After talking to Prov I decided the bubble trap wasn't a necessity nor were the scrubbies, but I haven't decided completely on the media.

So tonight I started the silicone process and installed the first baffle (where the overflow outlets) which I think I will outfit with a pair of combo filter socks. I figure I'll likely need to change them every 3 days or so when the stocking is at the peak, but I should achieve a very high rate of detritus removal.

Pics:


















And just for fun a pic of my new Mag18 pump. This thing is a total beast:










So that's it for now... I plan to do the rest of the baffles after the test fill and I'll do some updates then.
Thanks for reading

ps: No jokes about not having baseboards... I just did the basement and I get enough wise cracks from my wife.


----------



## GTZ (Apr 21, 2010)

PauloSilva said:


> ps: No jokes about not having baseboards... I just did the basement and I get enough wise cracks from my wife.


Dammit!  
I feel your pain, chair rail, baseboards and crown molding on the go :roll:
Lookin good so far :thumb:


----------



## Malawi_Junkie (Nov 26, 2009)

It's looking good and I can tell you've thought this thing through many times over. I like your design but the bubble trap is unnecessary and it would require top off more frequently. I would also consider a space under the scrubbies for mulm removal.
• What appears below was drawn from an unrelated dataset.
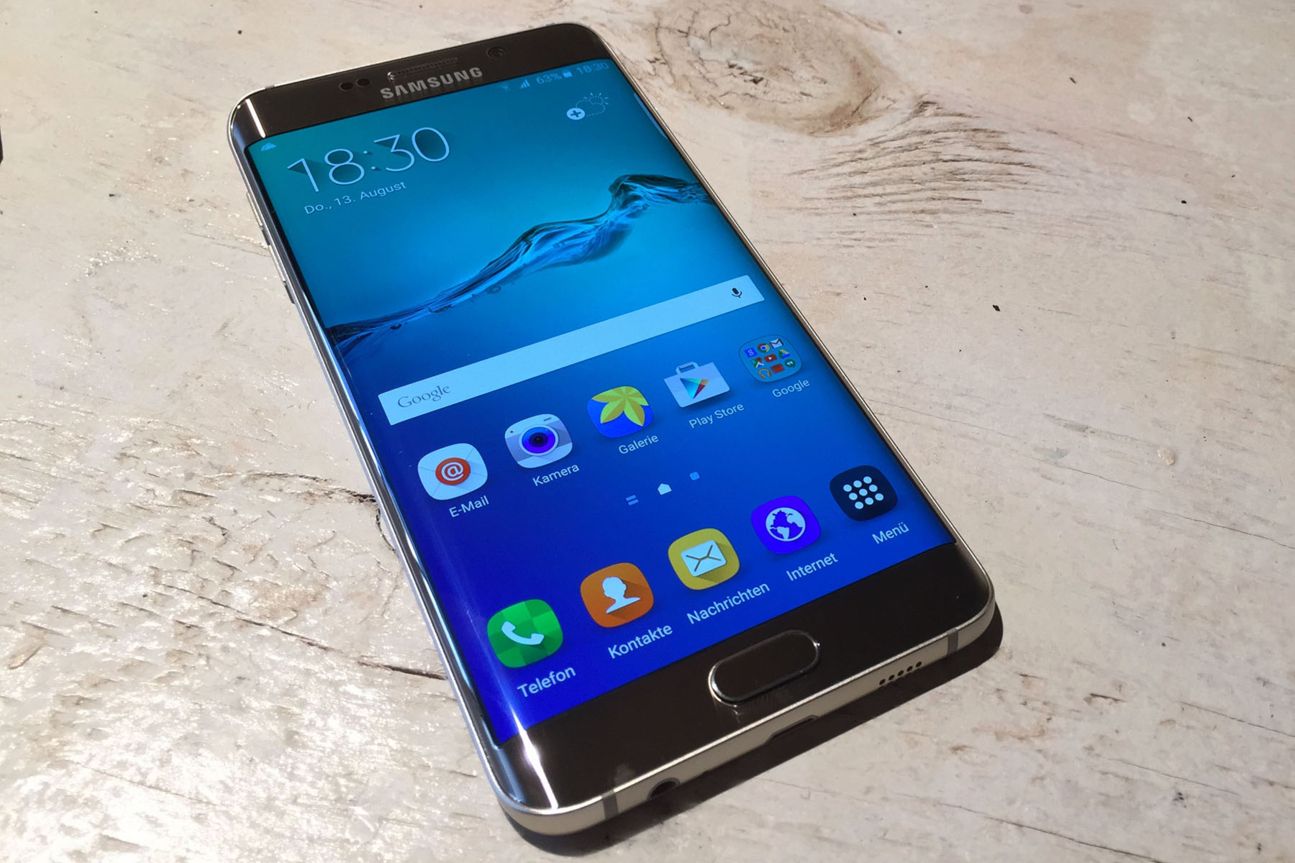 Samsung Galaxy S6 Edge Plus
I bought the Mag12 and love it but wish I had opted for the 18. Keep us posted.
Here's a pic of my DIY setup.


----------



## jchild40 (Mar 20, 2010)

Malawi_Junkie said:


> the bubble trap is unnecessary and it would require top off more frequently.


Why is that?

Love the thread!


----------



## PauloSilva (Apr 17, 2006)

Malawi_Junkie said:


> It's looking good and I can tell you've thought this thing through many times over. I like your design but the bubble trap is unnecessary and it would require top off more frequently. I would also consider a space under the scrubbies for mulm removal. I bought the Mag12 and love it but wish I had opted for the 18. Keep us posted.
> Here's a pic of my DIY setup.


Yes I have thought and dreamt of every aspect of this process for awhile. I also installed a 1500 glass-holes kit last weekend but forgot to take any pics.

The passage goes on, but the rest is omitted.